Dataset records START

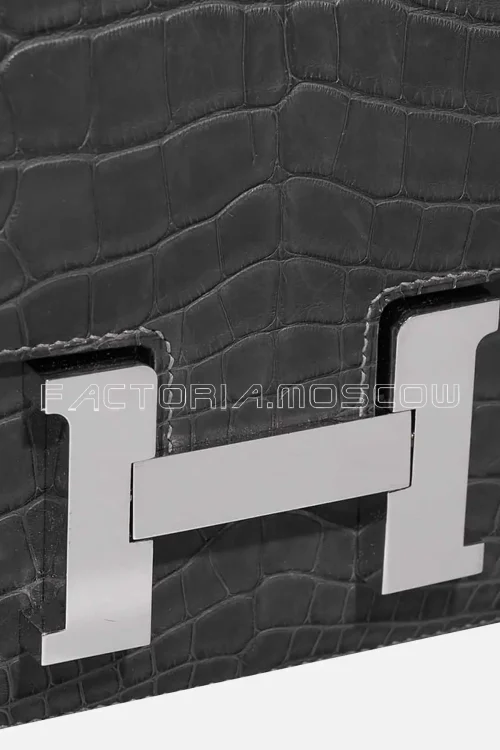 Hermes Constance 24 Matte Alligator Colour Graphite PHW
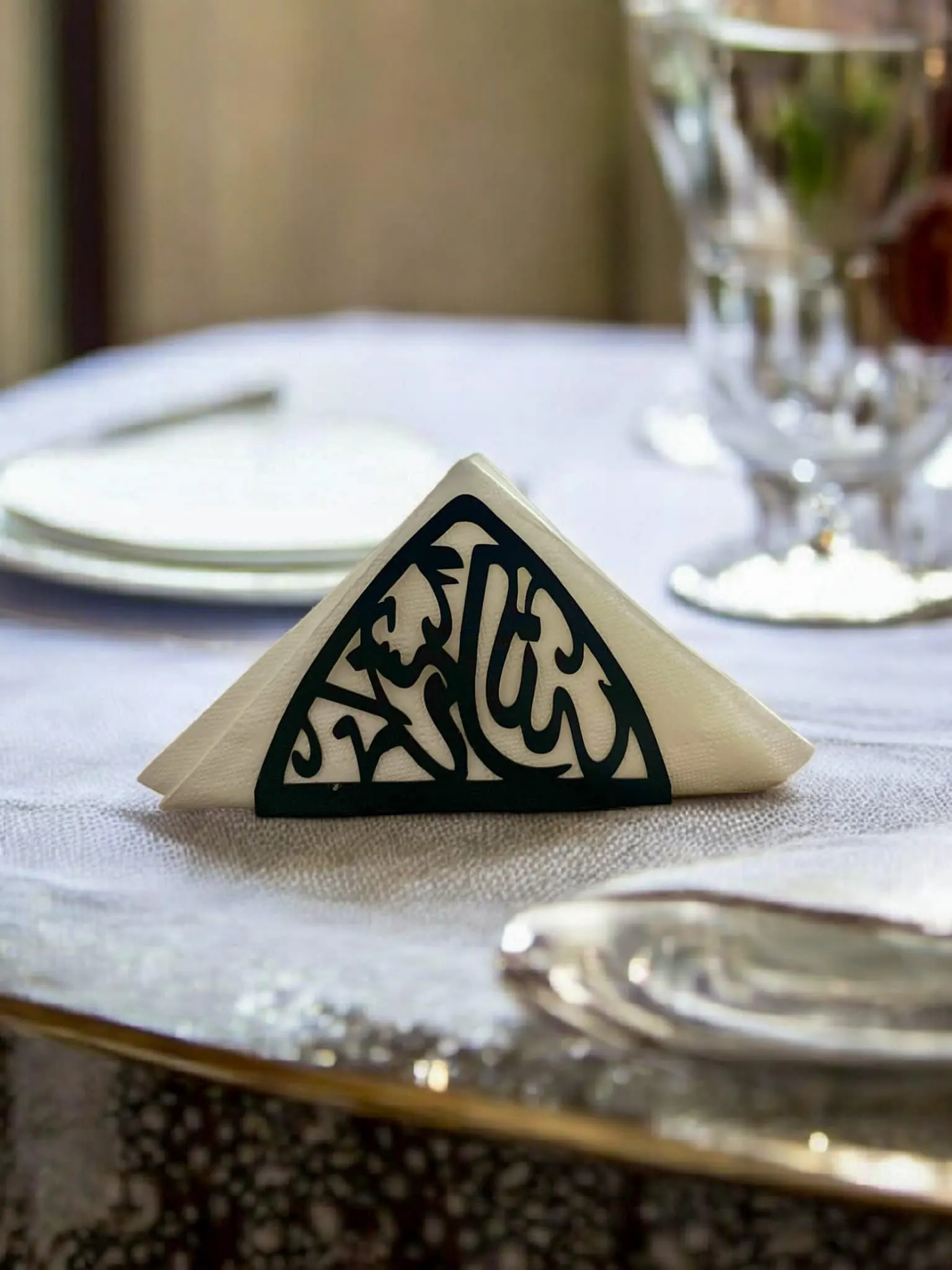 Bismillah Metal Napkin Holder: Elegant Islamic Home Decor - image 5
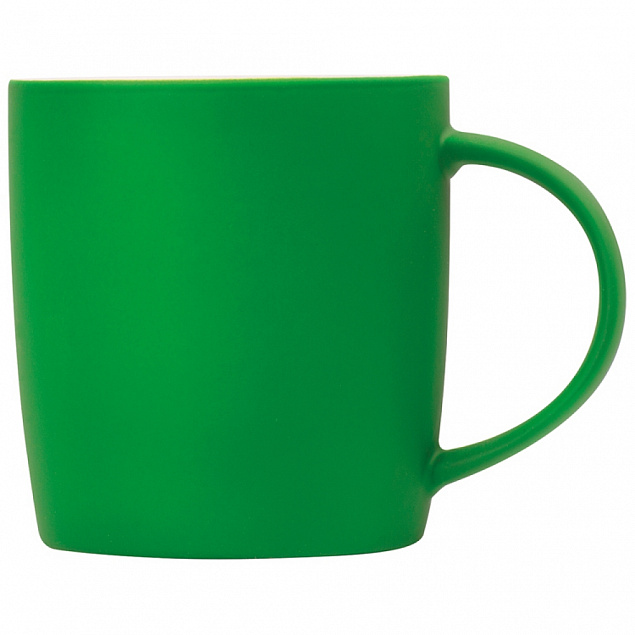 Кружка керамическая 300 мл, зеленая с логотипом в Нефтекамске заказать по выгодной цене в кибермаркете AvroraStore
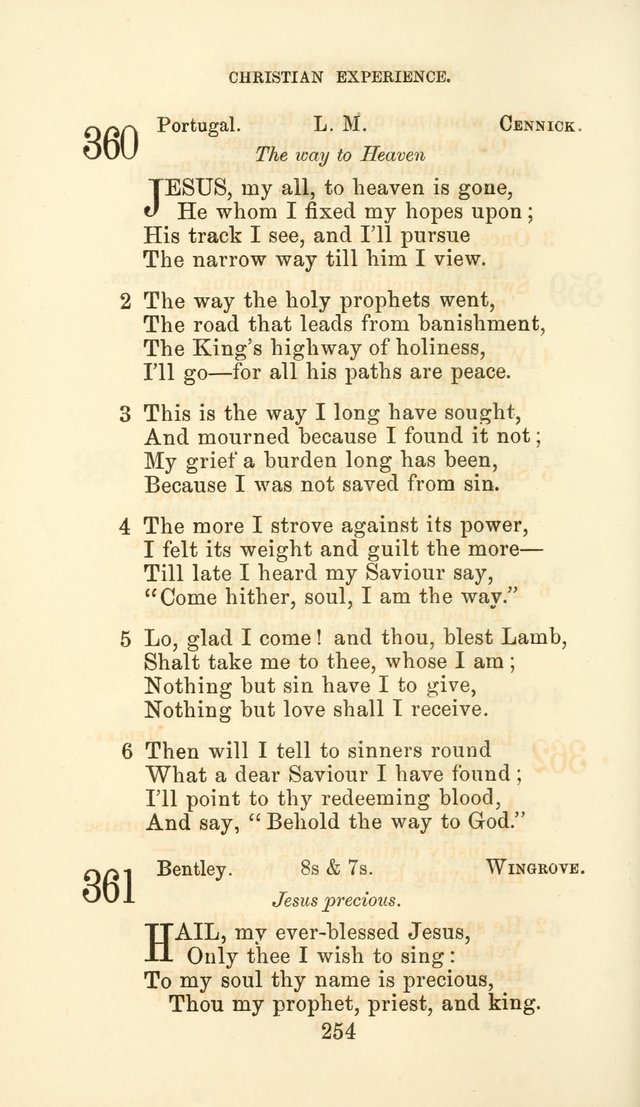 Hymn Book of the Methodist Protestant Church page 261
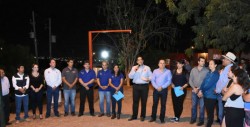 Inauguran rehabilitación  de parque en Lomas de San Isidro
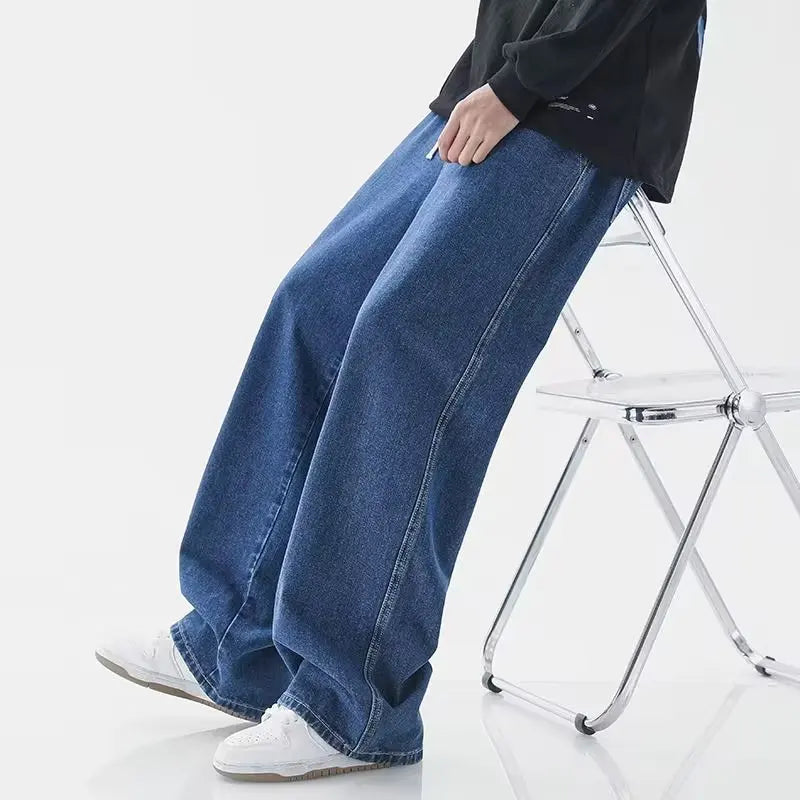 Men's Relaxed Fit Denim Jeans - Casual Wear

Dataset records END

# [What to work on]
Could the material above be given again in full and exactly, with its pictures left out?

# [Answer below]
 Hermes Constance 24 Matte Alligator Colour Graphite PHW
 Bismillah Metal Napkin Holder: Elegant Islamic Home Decor - image 5
 Кружка керамическая 300 мл, зеленая с логотипом в Нефтекамске заказать по выгодной цене в кибермаркете AvroraStore
 Hymn Book of the Methodist Protestant Church page 261
 Inauguran rehabilitación  de parque en Lomas de San Isidro
 Men's Relaxed Fit Denim Jeans - Casual Wear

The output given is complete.